Pour cette nouvelle étape, il nous est demandé tout d’abord de commencer par la création de paragraphes cohérents. Pour ce faire, nous analysons les couleurs de paragraphes sur google fonts afin de décider quelles typographies seront à tester plus tard. Une fois cela effectué, il nous faut comparer les typographies similaires grâce aux lettres x, o et m. Nous réduisons l’opacité d’une des deux lettres, la changeons de couleur, ce qui permet de voir si elles se superposent correctement ou non.

Superposition des lettres

Il nous faut terminer par le choix de l’interlignage (suivant les rapports de proportions) et les tailles de paragraphes (plus ou moins de caractères par lignes) pour déterminer la disposition des blocs.

Notre choix de typographie est ainsi terminé.

Notre principal souci a été que, après avoir effectué tous ces essais, nous nous sommes rendus compte qu’il nous était impossible d’avoir les graisses italic et bold si nous souhaitions respecter la demande d’avoir un temps de chargement rapide des fonts. Nous effectuons de nouveaux tests pour palier à ce problème mais rien à faire : nous nous résignons à ne prendre qu’une graisse par police utilisée.

A présent, nous devons réfléchir à un univers graphique. Cette partie (comme la précédente), est individuelle et dépend des choix de chacun. Nous créons un wireframe pour nous y aider, réfléchissant à la disposition des blocs par rapport aux éléments graphiques. Il nous faut ensuite procéder au layout pour déterminer si nos idées (un peu brouillonnes encore dans le wireframe) s’additionnent correctement pour créer un ensemble harmonieux.

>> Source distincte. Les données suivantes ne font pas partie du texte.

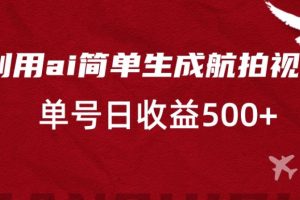 利用ai简单复制粘贴，生成航拍视频，单号日收益500+【揭秘】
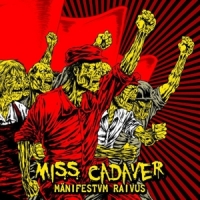 Miss Cadaver Manifestum Raivus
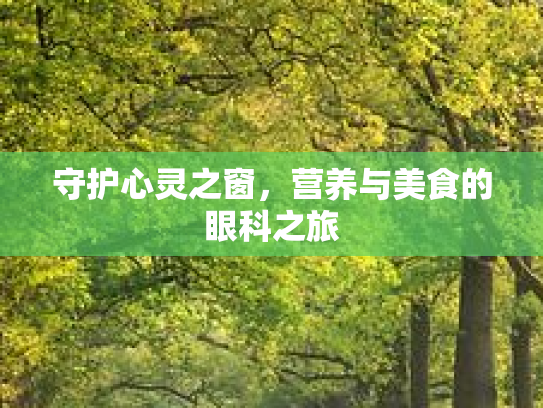 守护心灵之窗，营养与美食的眼科之旅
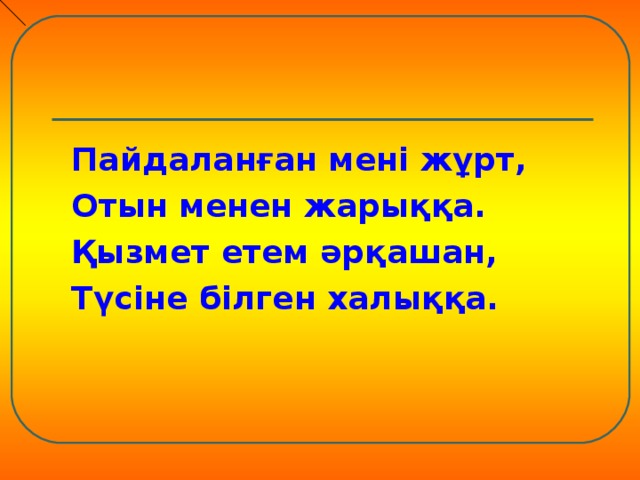 Пайдаланған мені жұрт, Отын менен жарыққа. Қызмет етем әрқашан, Түсіне білген халыққа.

Exemple de recherches de layout

Une fois ceci fait et validé, il ne nous reste plus qu’une chose à faire : créer le véritable site web.

Finalisation des différents visuels

Plan de travail : layout et résultat HTML/CSS.

La création du site web est totalement individuelle. Avec la base commune de notre texte rédigé, nous passons à l’élaboration des pages HTML et de leur CSS. Bien vite, nous rencontrons chacun différents obstacles.

Obstacles :

Premièrement, nous venons d’apprendre à coder (malgré quelques bases en première année), ce qui a rendu difficile la compréhension et l’utilisation de certaines balises.

Autre souci : le visuel. En effet, en essayant de suivre le layout Photoshop à la lettre, il est extrêmement compliqué (à moins de faire du pixel perfect) d’avoir le même résultat sur la page web. Qui plus est, en ne possédant pas la même résolution sur l’ordinateur où a été fait le layout et sur celui où est réalisé le code, les typographies semblent ne pas correspondre parfaitement. Il nous faut mettre une résolution en 1440 de largeur pour obtenir un résultat similaire.

D’ailleurs, certains éléments introduits dans le layout Photoshop sont difficiles (avec nos connaissances actuelles) à reproduire en HTML/CSS. Il faut donc s’adapter en changeant certains détails.

Ensuite, la colorimétrie des écrans a elle aussi perturbé les recherches du visuel final. Pendant la phase de recherches graphiques, nous n’avions pas pris en compte les couleurs de liens, qu’ils soient visités ou non ou en hover. De fait, il a été difficile de trouver des couleurs qui s’accordent sur des écrans aux colorimétries différentes pour donner un visuel harmonieux. La luminosité des écrans a aussi joué.

Enfin, ça n’a pas été aussi évident que l’on a pu le croire d’accorder la page de la conférence et la page de l’abstract. Des changements de design ont dû être opérés puisque la quantité de texte était bien moindre.

Opportunités :

Le fait de rencontrer ces différents obstacles nous a permis de découvrir beaucoup de choses et de nous adapter à différentes situations. Nous avons alors surmonté ces difficultés.

Ce projet a été à la fois un travail collectif et également individuel, nous forçant à faire preuve d’autonomie et de réflexion personnelle.

Nous avons beaucoup appris de l’expérience ioLCE et avons mis un pied dans le monde du web design. Nous avons hâte de continuer et d’apprendre de nouvelles choses.

Article écrit par Julien Debrauwer, Margaux Membré, Eleonore Monnom et Thibaut Vermeulen.